Deploying a Next.js app with Docker and AWS Elastic Beanstalk

February 26, 2022

(updated August 4, 2022)

DevOps

Update as of August 2022:
I used to run this Next.js blog on AWS Elastic Beanstalk. I have since migrated over to Vercel. The whole migration took ~5 minutes and it costs me $0 a month. If you are thinking about deploying Next.js to Elastic Beanstalk, you might want to read the summary of why I migrated over to Vercel.

TLDR: If you have followed my previous tutorial on how to build yourself an epic blog with Next.js, you should now be the proud owner of a blog. At this point, you've probably asked your mom and everybody you know to visit your blog to read your ramblings. There is only one problem. You have not deployed your blog yet so nobody can visit it.

If you have not read my previous tutorial, you can rest assured for you can still follow this tutorial to deploy any kind of Next.js app in Docker on AWS Elastic Beanstalk.

Next.js + Docker

If you have never heard about Docker, the main idea is that it lets you define an isolated environment called an image. You define an image using a Dockerfile that contains instructions for setting up the environment inside the image.

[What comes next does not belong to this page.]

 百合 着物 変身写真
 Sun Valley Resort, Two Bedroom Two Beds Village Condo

To deploy our Next.js app, we could build our own image from scratch. That would involve finding a suitable base image to build upon, installing our dependencies inside the image and building the Next.js from source code.

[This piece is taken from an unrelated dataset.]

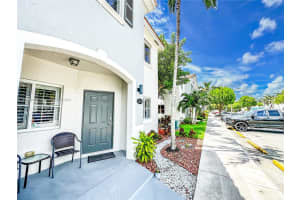 2976 SE 15th Ave #0, Homestead, FL 33035, Sold 09/27/23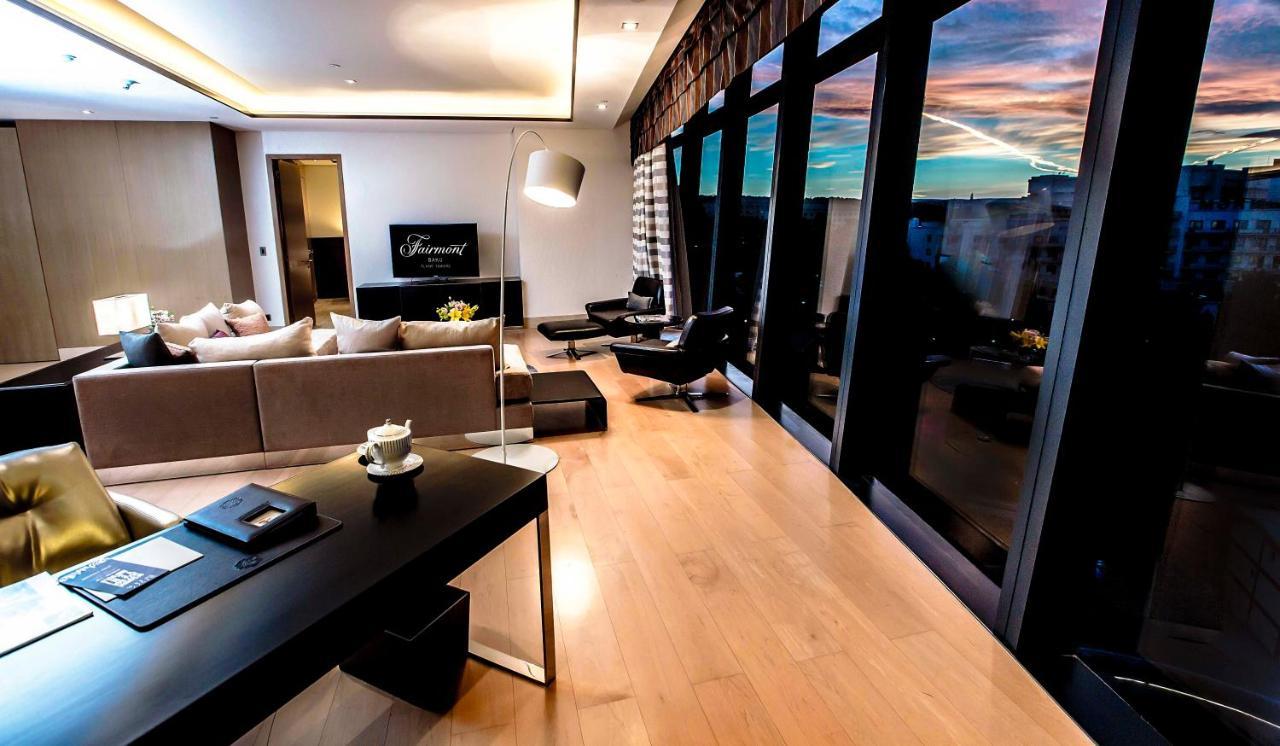 Apartments By Fairmont Baku Flame Towers Exterior photo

We do not need to do that here because Next.js has an official Dockerfile up on GitHub that we can steal.

Watch out

If you are getting the "/app/.next/standalone" not found error, you need to add outputStandalone to your next.config.js file before building the image or the build will fail with the following error: "/app/.next/standalone" not found.
Here's the settings you need to add (ignore the @type line if you are not using TypeScript):
JS
next.config.js
/** @type {import('next').NextConfig} */
const nextConfig = {
    // ... rest of your config ...
    experimental: {
        outputStandalone: true,
    },
};

module.exports = nextConfig;
Here's what the Dockerfile looks like:
Dockerfile
FROM node:16-alpine AS deps
RUN apk add --no-cache libc6-compat
WORKDIR /app
COPY package.json yarn.lock ./
RUN yarn install --frozen-lockfile

FROM node:16-alpine AS builder
WORKDIR /app
COPY --from=deps /app/node_modules ./node_modules
COPY . .

RUN yarn build

# Production image, copy all the files and run next
FROM node:16-alpine AS runner
WORKDIR /app

ENV NODE_ENV production

RUN addgroup --system --gid 1001 nodejs
RUN adduser --system --uid 1001 nextjs

# COPY --from=builder /app/next.config.js ./
COPY --from=builder /app/public ./public
COPY --from=builder /app/package.json ./package.json
COPY --from=builder --chown=nextjs:nodejs /app/.next/standalone ./
COPY --from=builder --chown=nextjs:nodejs /app/.next/static ./.next/static

USER nextjs

EXPOSE 3000

ENV PORT 3000

CMD ["node", "server.js"]

You might notice there are multiple FROM ... statements in this Dockerfile. This is because this Dockerfile defines a multi-stage build.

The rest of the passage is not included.